熱烈アタックをうけて初めての恋愛も経験、相手の性別は「秘密」

――2020年に、アイドルグループ「MM(メイメイ)」として念願のデビュー。相方“ぷうたん”との出会いは…

「ぷうたんと出会ったのは、15歳ぐらいの頃。イベントモデルのお仕事でちょくちょく顔は合わせていて、かわいいなと思っていて。その後、SNSを相互フォローしてお友達になったのがきっかけです」

――その頃から、気の合う友だちだったんですね。

「それが、性格が真逆で全く合わなくて(笑)。自分は昔から毒舌で、自分がされてもいいことを相手にもしてしまうところがあって。

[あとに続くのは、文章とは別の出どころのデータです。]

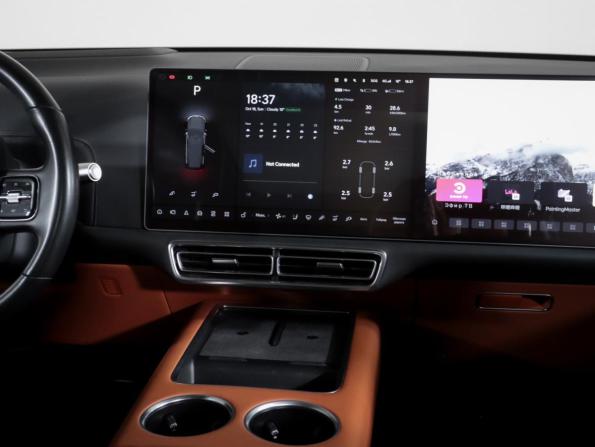 Li Auto (Lixiang) L9 I с пробегом 2023 года, цена 5 890 000 рублей, 80659 км, внедорожник, Автокод Объявления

ぷうたんは女の子より女の子な感じで繊細なので、すごく傷ついたみたい。一緒に遊んだ時についに友情に亀裂が入って、『もう二度と会わない!』って言われて疎遠になってました(笑)」

――そこからどうやって一緒にユニットを組むまでに?

「お互い東京に出てきて久しぶりに会った時に、お互い丸くなっていて。まぁ、主に自分がなんですけど(笑)。それでまた仲よくなって、一緒にアイドルをやることになりました」

――アイドル活動をする上で、ぶつかることは?

「性格が真逆なので、最初はやっぱりぶつかりました。ライブの方向性だったり、新曲のタイトルだったり、意見が食い違うことも多くて。でも、お互い思っていることを言い合えるようになったので、2人で試行錯誤しながら仲よくやっています。自分にとってぷうたんは、なくてはならない存在ですね。いろいろな話をしますよ。恋愛トークすることもあります!」

――3年前の取材では「恋愛未経験」でしたよね。あのあと恋を…

「はい。ちょくちょくしています!でも、初めて人を好きになった時は、『自分も人間を好きになるんだ?』って驚きました。なんか、妖怪みたいですけど(笑)。少女マンガやよく聞くラブソングみたいな状況に、感情が整理できなかったというか。真剣に好きって言われたのが初めてだったので、自分にそんなことを思ってくれる人がいるんだって、嬉しかったですね」

――ちなみに、恋した方は男性と女性のどちらだったんですか?

「それは、秘密にしたいです(笑)。でも、また恋愛したいって気持ちはめちゃめちゃありますし、できるように努力してます。タイプは…自分がワガママなので、それを聞いてくれる人ですかね。Sなので、亭主関白なタイプは苦手です」

「可愛いは期間限定。いつか違う顔を見せるのが楽しみ」

――今後の活動について、思い描いている理想はありますか?

「まずは、ぷうたんとやっている「MM」の知名度を上げたいですね。アイドルを通して個人の活動が増えたら嬉しいし、その逆も増えていけばいいなと。“アイドル”って聞いた時に名前が出るぐらい知ってもらって、自分たちと似たようなジェンダーレスの人を勇気づけたいです」

――「MM」のファン層は…

「老若男女、色々な方が応援してくれています。SNSのフォロワーは男性の方が多いけど、現場に足を運んでくれるのは意外と女性が多かったり」

――この先、10年後、20年後については…

「考えたことがないです(笑)。でもやっぱり自分は女の子になりたいわけじゃなくて、好きな格好をしてるだけなので、この先もジェンダーは男の子のまま。将来女性になっている姿は想像できないかな…」

――可愛い男子でいるのは期間限定かも?

「そうですね。女性であれ、男性であれ、“可愛い”を続けるのは大変かなって。自分も将来的には、メイクをやめてバッサリ髪を切って、また違った姿を見せたいと思います」

――その時は皆さん、ビックリするでしょうね。

「それもまた、楽しみです! 人って何歳になっても、新しい自分になれると思うから。だからこれからも、自分らしく生きていきたいです」

(取材・文/辻内史佳)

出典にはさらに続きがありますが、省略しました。